Solomonoff's Treasure: The Path to AGI

The time is late 2025. “Artificial General Intelligence” (AGI), once viewed as a distant sci-fi concept, is no longer empty talk; it has become a weighty reality resting on everyone’s desk.

In this era, we witness two starkly contrasting emotions. On one side, there is profound anxiety and restraint. Turing Award winner Geoffrey Hinton has expressed deep fear regarding AGI, even admitting regret over his life’s work, worrying that out-of-control intelligence could destroy humanity. Meanwhile, the legendary Ilya Sutskever, in pursuit of fundamental safety, resolutely founded SSI (Safe Superintelligence), embarking on a solitary path to build a superintelligence that is safe and controllable at its core. On the other side lies the fervent Effective Accelerationism (e/acc).
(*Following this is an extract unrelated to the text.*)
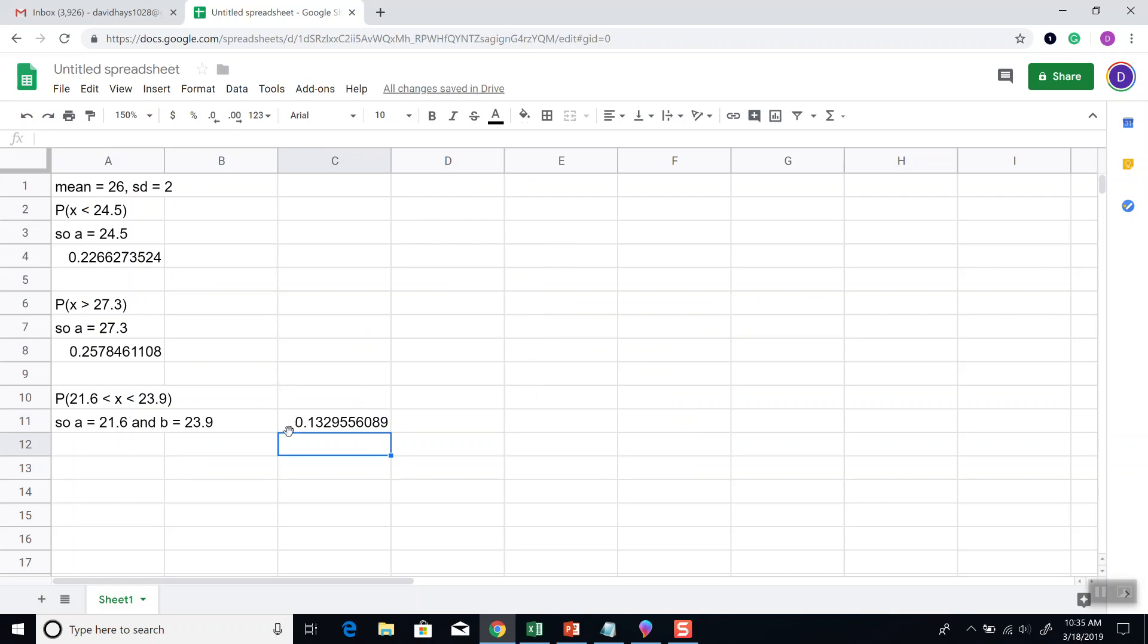And that's how you find your probability, proportion, percentage, and area problems using the normal distribution in Google Sheets.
They chant “accelerate,” advocating for the advancement of the technological singularity at all costs, firmly believing that the exponential explosion of computing power and intelligence is the ultimate cure for all human maladies, and that any deceleration is a crime against civilization.

However, beneath these clamorous discussions about compute wars, safety controls, and social ethics, the field of artificial intelligence has always harbored a “hidden thread” (a faint trail of clues). This thread existed as early as 40 years ago. It has nothing to do with current GPU clusters, nor does it discuss the layer count of Transformers; instead, it uses the purest mathematical language to define the essence of “intelligence.”

This hidden thread begins with Turing, is formed by Kolmogorov, and converges into a beacon in the hands of Ray Solomonoff. Today, let us temporarily withdraw from the noise of 2025, trace back along Ilya Sutskever’s famous phrase “compression is intelligence,” and rediscover that mathematical treasure forgotten by modern AI—Solomonoff Induction.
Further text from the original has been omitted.